** Assignment **
Looking at the listing below, retype exactly the lines starting at the one containing "Gray ceramic mosaic" and ending at the one containing "Explore a stunning", both included, and nothing else.

** Records to use **
○ ○ ○ ○ ○ ○ ○

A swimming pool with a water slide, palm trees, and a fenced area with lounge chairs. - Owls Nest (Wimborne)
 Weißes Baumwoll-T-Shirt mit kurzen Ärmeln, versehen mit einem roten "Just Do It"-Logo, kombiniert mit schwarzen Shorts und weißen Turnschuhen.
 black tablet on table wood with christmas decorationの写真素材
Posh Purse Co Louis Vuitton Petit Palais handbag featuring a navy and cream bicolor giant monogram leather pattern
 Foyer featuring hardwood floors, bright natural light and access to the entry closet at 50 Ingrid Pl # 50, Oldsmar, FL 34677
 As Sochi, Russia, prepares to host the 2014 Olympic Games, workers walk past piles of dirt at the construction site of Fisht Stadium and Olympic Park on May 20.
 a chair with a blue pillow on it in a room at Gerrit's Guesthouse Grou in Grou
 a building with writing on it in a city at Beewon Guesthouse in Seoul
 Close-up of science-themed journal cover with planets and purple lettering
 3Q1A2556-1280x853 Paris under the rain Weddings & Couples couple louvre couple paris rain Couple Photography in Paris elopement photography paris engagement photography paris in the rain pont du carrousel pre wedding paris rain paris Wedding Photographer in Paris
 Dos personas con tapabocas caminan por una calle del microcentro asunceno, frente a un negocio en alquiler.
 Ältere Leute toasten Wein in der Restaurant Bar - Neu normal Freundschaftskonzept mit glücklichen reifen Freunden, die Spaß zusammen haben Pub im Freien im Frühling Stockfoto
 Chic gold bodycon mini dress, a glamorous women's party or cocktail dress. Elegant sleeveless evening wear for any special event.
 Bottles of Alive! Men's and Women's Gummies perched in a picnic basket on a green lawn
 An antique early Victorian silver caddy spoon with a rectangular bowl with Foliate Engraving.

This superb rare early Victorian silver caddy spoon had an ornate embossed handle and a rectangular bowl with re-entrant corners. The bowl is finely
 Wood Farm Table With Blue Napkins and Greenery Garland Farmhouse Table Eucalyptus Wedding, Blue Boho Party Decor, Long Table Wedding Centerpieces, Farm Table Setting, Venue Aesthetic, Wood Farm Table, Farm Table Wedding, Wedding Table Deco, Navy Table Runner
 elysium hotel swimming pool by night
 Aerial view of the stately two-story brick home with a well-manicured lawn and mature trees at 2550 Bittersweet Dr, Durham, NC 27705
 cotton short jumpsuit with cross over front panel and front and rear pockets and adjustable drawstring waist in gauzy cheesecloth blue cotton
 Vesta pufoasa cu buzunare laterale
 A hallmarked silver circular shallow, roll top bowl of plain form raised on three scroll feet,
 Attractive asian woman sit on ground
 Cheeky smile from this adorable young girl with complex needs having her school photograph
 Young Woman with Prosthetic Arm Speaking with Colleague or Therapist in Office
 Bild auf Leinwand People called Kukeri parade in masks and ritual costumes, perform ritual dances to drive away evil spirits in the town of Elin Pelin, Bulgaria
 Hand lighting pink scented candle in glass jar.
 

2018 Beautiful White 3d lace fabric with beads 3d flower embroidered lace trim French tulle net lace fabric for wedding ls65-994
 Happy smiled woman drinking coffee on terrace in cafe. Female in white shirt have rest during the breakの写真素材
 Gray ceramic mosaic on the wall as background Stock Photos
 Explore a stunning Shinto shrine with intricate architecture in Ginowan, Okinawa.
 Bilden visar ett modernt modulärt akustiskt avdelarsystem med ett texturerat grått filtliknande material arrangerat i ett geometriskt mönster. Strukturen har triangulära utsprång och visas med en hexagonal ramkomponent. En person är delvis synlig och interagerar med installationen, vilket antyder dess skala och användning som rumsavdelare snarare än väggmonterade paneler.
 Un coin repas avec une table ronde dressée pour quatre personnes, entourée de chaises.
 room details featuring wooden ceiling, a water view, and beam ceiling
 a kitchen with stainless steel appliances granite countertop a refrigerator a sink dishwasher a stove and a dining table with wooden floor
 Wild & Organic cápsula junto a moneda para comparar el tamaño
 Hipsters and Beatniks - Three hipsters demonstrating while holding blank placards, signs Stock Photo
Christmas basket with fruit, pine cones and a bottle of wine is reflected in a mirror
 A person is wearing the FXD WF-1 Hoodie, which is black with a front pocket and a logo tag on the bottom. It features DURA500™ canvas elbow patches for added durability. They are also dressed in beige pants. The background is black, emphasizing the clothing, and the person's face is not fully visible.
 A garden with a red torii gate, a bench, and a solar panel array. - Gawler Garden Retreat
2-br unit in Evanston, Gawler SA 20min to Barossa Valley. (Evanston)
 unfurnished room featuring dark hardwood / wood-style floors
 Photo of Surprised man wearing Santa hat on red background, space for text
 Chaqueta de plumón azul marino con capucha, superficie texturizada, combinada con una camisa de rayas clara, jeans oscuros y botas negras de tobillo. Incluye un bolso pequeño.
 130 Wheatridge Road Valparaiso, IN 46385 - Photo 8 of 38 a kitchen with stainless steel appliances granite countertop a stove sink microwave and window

○ ○ ○ ○ ○ ○ ○

** Finished task **
 Gray ceramic mosaic on the wall as background Stock Photos
 Explore a stunning Shinto shrine with intricate architecture in Ginowan, Okinawa.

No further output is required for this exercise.